It was time to take a break from Egypt, so her royal self and I decided a week in El Gouna was in order. This orange and white holiday village on the Red Sea, just north of Hurghada is, geographically, part of this country, but that is where the connection begins and ends.

When I first started coming to Gouna in the mid-‘90s, there was one hotel and it had one restaurant. It wasn’t very good. Then the Mövenpick was built and we gained our first decent place to eat, El Sayadin. It’s still there. Perched on a wooden peer overlooking the turquoise-white water, it has a daily catch to choose from and you can a glass of cool white wine and some mezzes while your sea bass and calamari is being cooked to order.

Framed between the mountains and the beach, in the last ten years El Gouna has blossomed into a desert oasis with its own rhythms, a mixed ex-patriate community of Cairenes and Europeans, plenty of hotel rooms and apartments to rent, and by now over eighty bars and restaurants to choose from.
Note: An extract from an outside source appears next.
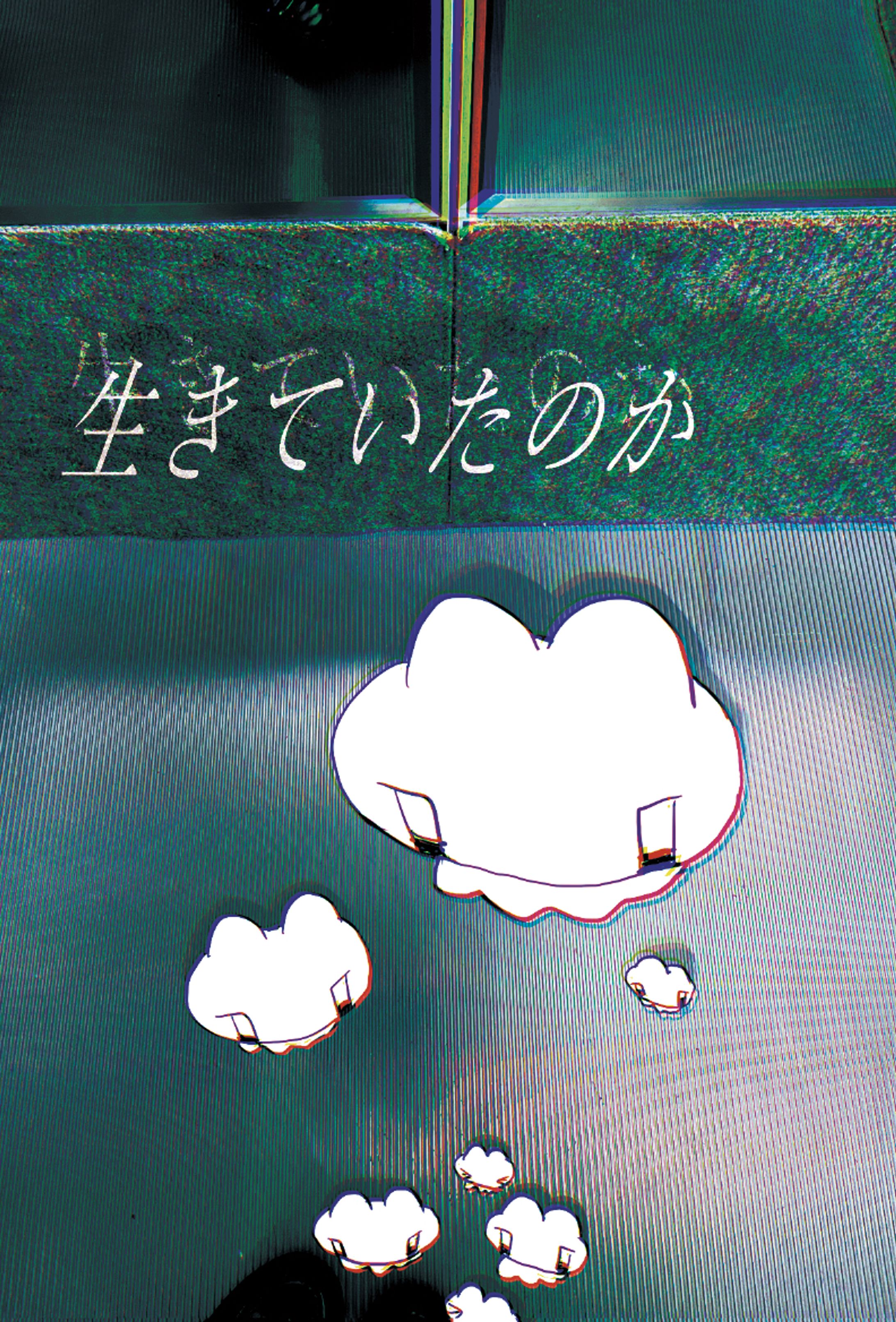 [展示]グループ展「生きていたのか」-1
Grilled meat and fish are readily available as is fuul and tameya at the Foool House and shawerma at Shawerma on Coal. There is even a branch of Abou El Sid if you find yourself missing your wara einab, molokheyia and sharkeseya.

But if you really want to take a break from Egypt, you will find everything from fine French and Belgian dining to Italian, Thai, Greek, German, Mexican and British. We had some great Cornish pastries at Smuggler’s Pub, a friendly little hideaway in the New Marina. Nearby there is a shop called Zanzibar that sells Genoa salami, mortadella, Black Forest ham and prosciutto. All of this is flown in straight from Europe and not available in Cairo.

El Gouna is a chilled place. The only source of stress is figuring out what you want to have for lunch. There are several ways to approach this problem.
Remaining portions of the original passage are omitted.